Some groups are battling for the increased use of English. Others insist that the use of English must be scaled down to elevate Bahasa Melayu (BM) in every sphere of governance, education and commerce.
Then there are those who assert that Mathematics and Science must be taught in the colonial tongue. The there’s the people interspersing English and BM in the same sentence.
This is the rough-and-tumble English-BM landscape confronting Prime Minister Datuk Seri Anwar Ibrahim after he implored the Education Ministry to improve English proficiency in schools.
Anwar contended that English is “too critical and important”, even as BM is promoted as the national language. The PM’s concern is Malaysians’ poor proficiency in English, which is the global language of technology, commerce and diplomacy.
The Education Ministry’s task will be complex and confounding because Malaysians have blended English and BM into a cocktail of linguistic horrors to practitioners of the King’s English and BM.
Instructive words like rampaian, kehandalan, kekecewaan, maklumat, keluarga have to compete for usage with antologi, osom (awesome), frust (frustrated), informasi and famili, respectively.
What about the loads of English nouns that were co-opted on a bout of transformation (transformasi?) into official-sounding BM words?
Let’s face it: Malaysians are besotted with English (and American) pop culture to the point of adopting the accent, slang and quirks but not vocabulary, grammar and elegance.

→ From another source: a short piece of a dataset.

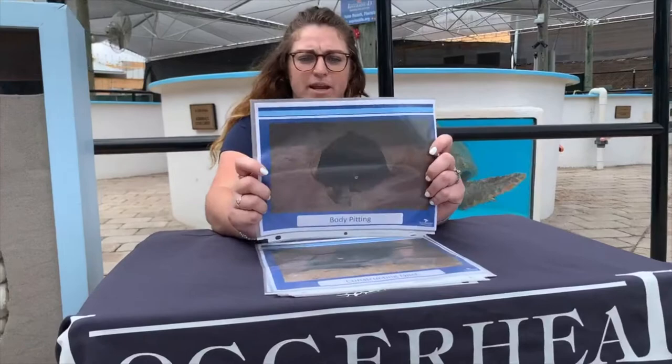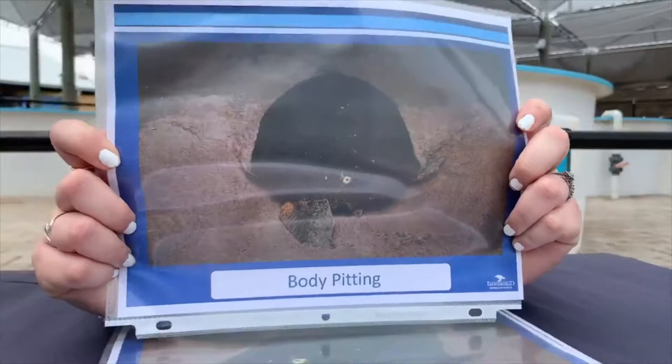Once a female has found a nice sandy area, she'll do something called body pitting. Using her rear and front flippers, she moves sand out of the way to make this pit. Characteristics of these pits differ between species. Green sea turtles make a very large pit — almost a crater. If you've been on the beach during summer months, you might see these big divots in the sand, most likely from green sea turtles. Other species like loggerheads have body pits that aren't as deep.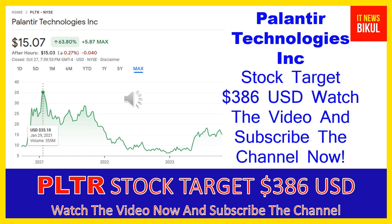In PLTR stock, a bounce-back chart pattern has begun now, and after a few days PLTR stock can give a very huge sharp up-move rally from this level.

Their “Manglish” is a hodgepodge of below average BM and bare English, with words or phrases extracted from lyrics and TV and movie dialogues of various Western selebriti.

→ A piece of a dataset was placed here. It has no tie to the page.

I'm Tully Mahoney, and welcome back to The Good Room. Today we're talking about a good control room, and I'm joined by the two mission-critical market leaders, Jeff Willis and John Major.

Meaningful Malay words have been irreparably substituted by unnecessary English loan words throughout the decades.
Neglected is BM’s native lexicon, rich in cultural and linguistic heritage, but now hounded by English equivalents. This is the confusing state of English, and with it, the mindless chipping away of BM.
The solution is unavoidable: the whole government machinery must boost the parallel objectives of purifying BM and boosting good English.
If the government fails, a bizarre scenario might emerge in the future: to learn English, Malaysians need only to learn BM because by then, the two languages would have been truly fused.